**Material shown**

=-=-=

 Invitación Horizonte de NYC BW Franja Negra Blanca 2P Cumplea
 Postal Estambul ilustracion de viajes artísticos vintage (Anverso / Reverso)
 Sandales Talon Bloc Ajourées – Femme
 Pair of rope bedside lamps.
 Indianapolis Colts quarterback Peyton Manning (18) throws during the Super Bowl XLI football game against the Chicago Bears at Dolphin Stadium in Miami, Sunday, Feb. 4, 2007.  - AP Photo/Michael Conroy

=-=-=

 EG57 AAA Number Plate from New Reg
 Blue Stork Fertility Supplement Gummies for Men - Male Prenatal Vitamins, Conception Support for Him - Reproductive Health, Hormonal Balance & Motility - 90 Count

=-=-=

**Work instructions**
Your answer must consist solely of the lines above between the line holding "Postal Estambul ilustracion" and the line holding "Indianapolis Colts quarterback", inclusive, copied exactly.

**Response box**
 Postal Estambul ilustracion de viajes artísticos vintage (Anverso / Reverso)
 Sandales Talon Bloc Ajourées – Femme
 Pair of rope bedside lamps.
 Indianapolis Colts quarterback Peyton Manning (18) throws during the Super Bowl XLI football game against the Chicago Bears at Dolphin Stadium in Miami, Sunday, Feb. 4, 2007.  - AP Photo/Michael Conroy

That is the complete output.